This project is an enterprise-grade data engineering solution that processes over 70 years of Formula 1 racing data (1950-2025). It implements a Lakehouse Architecture on Azure to transform raw API/CSV data into actionable analytics for identifying dominant drivers and constructors.
The pipeline handles data ingestion, schema enforcement, transformation, and incremental loading using Azure Databricks (PySpark), orchestrated by Azure Data Factory (ADF), with final reporting in Power BI.
The solution follows the Medallion Architecture (Bronze, Silver, Gold layers) to ensure data quality and scalability.
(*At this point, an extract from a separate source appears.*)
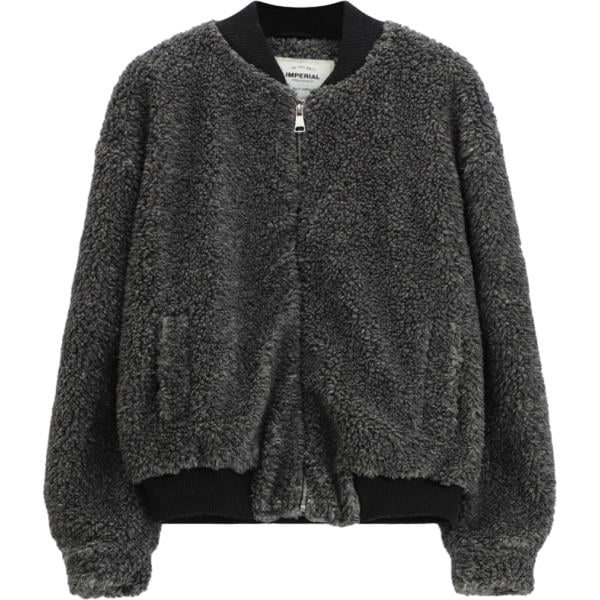 Bomber da uomo in grigio scuro girocollo con zip Imperial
- Ingestion (Bronze Layer):
- Historical Backfill: Bulk ingestion of legacy CSV files (1950–today) from Kaggle.
- Incremental Updates: Automated weekly API calls to Jolpica/Ergast for the latest race results. (will be implemented to production by start of 2026 season)
- Storage: Azure Data Lake Gen2 (ADLS)
rawcontainer.
- Transformation (Silver Layer):
- Data is cleaned, joined, and deduplicated.
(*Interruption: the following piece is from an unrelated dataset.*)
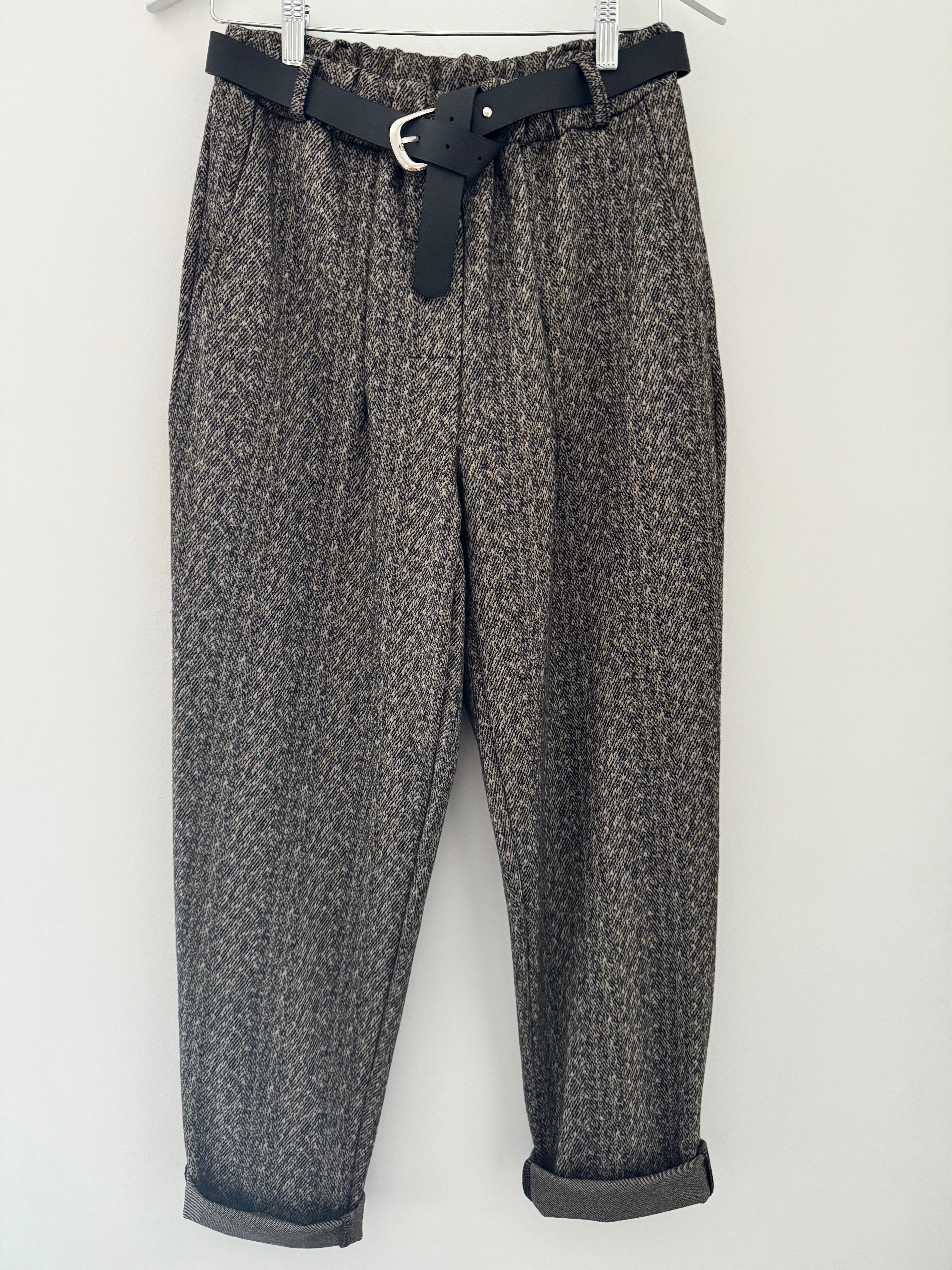 Stretch Herringbone Trousers in Mocha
- Schema Enforcement: Strong typing applied to all columns to prevent data drift.
- Data Quality: Null checks, date formatting, and standardizing column names.
- Format: Stored as Delta Tables (Parquet + Transaction Log) for ACID compliance.
- Aggregation (Gold Layer):
- Business logic applied to calculate specific performance metrics.
- Tables created:
driver_standings,constructor_standings, andcalculated_race_results.
- Reporting:
- Power BI connects directly to the Gold tables via Databricks Partner Connect for interactive visualization.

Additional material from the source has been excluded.